In de jaren zeventig groeide Corea uit tot Ster, zeker nadat hij in 1971 voor het label ECM ging opnemen. In datzelfde jaar schreef hij zijn bekendste compositie, 'Spain'. Het was gebaseerd op het adagio van 'Concierto De Aranjuez' van Joaquin Rodrigo en werd geïntroduceerd door zijn eerste Return To Forever-groep. 'Spain' wordt nog steeds frequent gespeeld, door jazz- en fusiongroepen, door flamenco-artiesten en bluegrassbands.

"Toen we in stadions speelden heb ik Return To Forever opgeheven," vertelde hij Frits Lagerwerff in Vrije Geluiden. "Commercieel gezien zéér onhandig. Kijk, ik heb lang geleden voor mijzelf uitgemaakt dat ik niet steeds hetzelfde wil doen. Verandering van inzicht, smaak en stijl horen bij het artistieke leven. Ik wil alom kunstzinnig inspireren. Hoe meer kunst in een samenleving ontstaat, hoe beter het met die samenleving gaat."

Dat de muzikant in de tweede helft van zijn carrière zwaar verslingerd raakte aan de Scientology-doctrine van L. Hubard en daarvan in zijn muziek duidelijk blijk ging geven, ach, het zij hem vergeven. Als je basis (Powell, Silver) maar goed is.

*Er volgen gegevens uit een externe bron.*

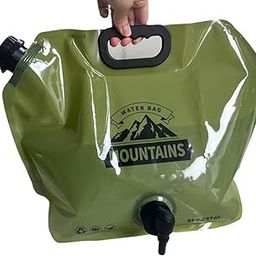RIMDIXA 8 Liter Camping Water Bag Free Folding Pouch Drinking Portable Collapsible Faucet Tank Mountain for Picnic Outdoor Adventures (Multicolor)-image-59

Chick Corea ontving in zijn loopbaan niet minder dan 23 keer een Grammy Award, een absoluut record. Niet lang geleden werd een zeldzame vorm van kanker bij hem vastgesteld; hij overleed 9 februari 2021 in het plaatsje Trending in de Tampa Bay Area, Florida.

In een afscheidsboodschap op Facebook bedankte hij "iedereen die tijdens mijn reis het vuur van de muziek zo fel heeft laten branden. Ik hoop dat degenen die de neiging voelen om te spelen, schrijven, op te treden of wat dan ook, dat ook doen. Als het niet voor jezelf is, dan voor ons allemaal. Het is niet alleen zo dat de wereld meer artiesten kan gebruiken, het is ook machtig veel plezier."